LE “ROSE DELLA COLPA” di STEVE EARLE

di Massimo Bianco

Le rose della colpa, le chiamava Bobby. (…) Avvolte nel cellophane, con un’ampollina di plastica piena d’acqua alla base dello stelo. Le comprano gli uomini per le persone care quando rientrano a casa troppo tardi o si dimenticano anniversari e compleanni. Bobby negli anni ne aveva comprate a centinaia, letteralmente, mentre si trascinava a casa barcollante, dopo questa o quella disavventura, e Kim le aveva conservate una a una. (…) Ognuna di quelle rose rappresentava una delusione, una promessa non mantenuta…”

Abbiamo saltato il libro del mese di settembre. Per farci perdonare, in questo ottobre 2009 in un certo senso raddoppiamo: libro e dischi. Infatti, Steve Earle, l’autore del volume di racconti che presentiamo, è soprattutto un grande musicista. Anima ribelle classe 1955, originario della Virginia ma cresciuto a san Antonio, Texas, Steve Earle inizia la carriera a Nashville come musicista country rock, ispirandosi soprattutto a giganti del genere come Johnny Cash e Hank Williams. Il suo primo album “Guitar town” (1986), nonostante la sua indubbia energia rock, viene etichettato dalla critica come country, seppure atipico e fuori dai cliché. Poco alla volta i suoi interessi musicali lo stanno però già portando ad avvicinarsi sempre più al classico rock americano prodotto da artisti come Bruce Springsteen o John Mellencamp.

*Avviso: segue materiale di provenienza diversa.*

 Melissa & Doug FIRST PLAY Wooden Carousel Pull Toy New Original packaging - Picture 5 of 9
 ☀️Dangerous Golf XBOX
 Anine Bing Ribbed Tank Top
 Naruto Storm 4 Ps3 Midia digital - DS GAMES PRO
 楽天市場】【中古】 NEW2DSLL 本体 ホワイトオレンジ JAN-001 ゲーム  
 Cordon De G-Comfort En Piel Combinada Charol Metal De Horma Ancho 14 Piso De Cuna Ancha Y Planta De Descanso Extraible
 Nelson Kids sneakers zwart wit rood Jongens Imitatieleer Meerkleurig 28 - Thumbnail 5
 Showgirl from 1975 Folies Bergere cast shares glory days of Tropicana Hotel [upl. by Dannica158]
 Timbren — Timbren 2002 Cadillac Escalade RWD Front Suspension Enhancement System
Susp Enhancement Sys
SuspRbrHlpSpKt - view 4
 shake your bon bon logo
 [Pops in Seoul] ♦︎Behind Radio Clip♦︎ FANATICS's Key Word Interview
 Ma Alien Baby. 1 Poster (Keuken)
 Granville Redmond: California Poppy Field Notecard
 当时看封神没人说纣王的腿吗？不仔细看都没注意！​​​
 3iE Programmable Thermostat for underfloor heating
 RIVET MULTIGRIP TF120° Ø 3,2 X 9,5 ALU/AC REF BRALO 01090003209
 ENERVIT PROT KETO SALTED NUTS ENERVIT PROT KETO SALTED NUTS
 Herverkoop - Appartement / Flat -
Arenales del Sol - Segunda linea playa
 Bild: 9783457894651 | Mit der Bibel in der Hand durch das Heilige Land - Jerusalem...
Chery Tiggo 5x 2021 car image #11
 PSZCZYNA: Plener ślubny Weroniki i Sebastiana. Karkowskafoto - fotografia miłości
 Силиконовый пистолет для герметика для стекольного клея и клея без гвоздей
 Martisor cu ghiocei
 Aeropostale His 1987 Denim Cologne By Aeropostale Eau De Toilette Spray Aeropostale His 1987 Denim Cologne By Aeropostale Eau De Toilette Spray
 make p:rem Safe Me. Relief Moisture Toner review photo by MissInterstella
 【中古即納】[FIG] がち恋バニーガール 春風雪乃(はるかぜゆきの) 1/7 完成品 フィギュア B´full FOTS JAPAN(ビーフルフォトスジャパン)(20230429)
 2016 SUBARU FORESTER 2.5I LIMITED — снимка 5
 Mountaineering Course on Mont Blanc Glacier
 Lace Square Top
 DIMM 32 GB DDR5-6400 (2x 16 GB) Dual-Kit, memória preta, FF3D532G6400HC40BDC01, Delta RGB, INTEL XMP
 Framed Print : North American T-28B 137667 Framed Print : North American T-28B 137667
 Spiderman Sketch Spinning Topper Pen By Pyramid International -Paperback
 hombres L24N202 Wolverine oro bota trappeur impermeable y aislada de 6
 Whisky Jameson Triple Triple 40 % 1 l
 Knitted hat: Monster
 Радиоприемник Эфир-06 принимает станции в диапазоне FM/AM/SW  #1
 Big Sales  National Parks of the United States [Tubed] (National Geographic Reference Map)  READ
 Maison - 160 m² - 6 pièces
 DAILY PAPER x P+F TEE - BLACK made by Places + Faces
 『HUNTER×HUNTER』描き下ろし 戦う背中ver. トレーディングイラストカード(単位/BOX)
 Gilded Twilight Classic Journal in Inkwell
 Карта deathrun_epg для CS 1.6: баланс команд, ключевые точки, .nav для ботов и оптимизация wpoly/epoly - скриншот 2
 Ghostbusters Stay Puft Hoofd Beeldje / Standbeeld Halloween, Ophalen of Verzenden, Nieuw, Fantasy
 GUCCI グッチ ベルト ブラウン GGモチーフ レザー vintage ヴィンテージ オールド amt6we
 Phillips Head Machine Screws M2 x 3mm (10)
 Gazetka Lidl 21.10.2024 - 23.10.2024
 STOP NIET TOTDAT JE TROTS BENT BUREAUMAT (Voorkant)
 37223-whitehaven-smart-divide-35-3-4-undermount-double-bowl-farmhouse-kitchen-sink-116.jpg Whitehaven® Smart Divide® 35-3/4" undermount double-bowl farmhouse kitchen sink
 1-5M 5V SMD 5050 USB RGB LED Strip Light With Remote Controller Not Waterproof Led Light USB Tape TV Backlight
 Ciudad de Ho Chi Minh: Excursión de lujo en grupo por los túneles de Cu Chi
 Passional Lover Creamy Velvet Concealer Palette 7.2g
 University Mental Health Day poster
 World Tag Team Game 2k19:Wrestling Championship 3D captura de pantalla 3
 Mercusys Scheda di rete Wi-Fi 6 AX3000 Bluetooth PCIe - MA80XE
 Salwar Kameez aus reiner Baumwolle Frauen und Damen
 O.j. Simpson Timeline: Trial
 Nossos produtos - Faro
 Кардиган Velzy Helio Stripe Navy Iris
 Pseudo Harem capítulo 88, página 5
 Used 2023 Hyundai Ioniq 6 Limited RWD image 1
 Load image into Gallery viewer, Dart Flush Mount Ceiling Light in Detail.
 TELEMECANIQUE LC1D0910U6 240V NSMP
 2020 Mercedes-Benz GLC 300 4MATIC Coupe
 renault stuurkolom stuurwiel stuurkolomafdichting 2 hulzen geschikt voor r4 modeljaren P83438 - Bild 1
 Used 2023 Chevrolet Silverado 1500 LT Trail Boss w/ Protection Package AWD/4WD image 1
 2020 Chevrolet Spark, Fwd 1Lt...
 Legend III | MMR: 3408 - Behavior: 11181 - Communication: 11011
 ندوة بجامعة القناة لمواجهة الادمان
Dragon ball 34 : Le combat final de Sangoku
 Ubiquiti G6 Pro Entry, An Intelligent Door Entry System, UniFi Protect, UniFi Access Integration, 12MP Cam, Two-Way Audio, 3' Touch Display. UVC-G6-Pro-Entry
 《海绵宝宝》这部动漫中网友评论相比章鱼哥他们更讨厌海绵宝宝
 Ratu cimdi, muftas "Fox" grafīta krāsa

Album come “Copperhead Road” (1988) oppure “The hard way” (1990) e il live “Shut up and die like an aviator” (1991), sono dunque ottimi ed elettrizzanti dischi di rock americano springstiniano non del tutto dimentichi della lezione folk e country, ambito quest’ultimo a cui all’epoca continuava peraltro a essere assimilato da molta critica, anche se ormai di vero country nella sua musica era rimasto ben poco. Artista attento al mondo che lo circonda, nei suoi dischi rivela fin da subito una grande cura nei testi, attraverso i quali racconta storie di deboli, perdenti e reduci dal Vietnam.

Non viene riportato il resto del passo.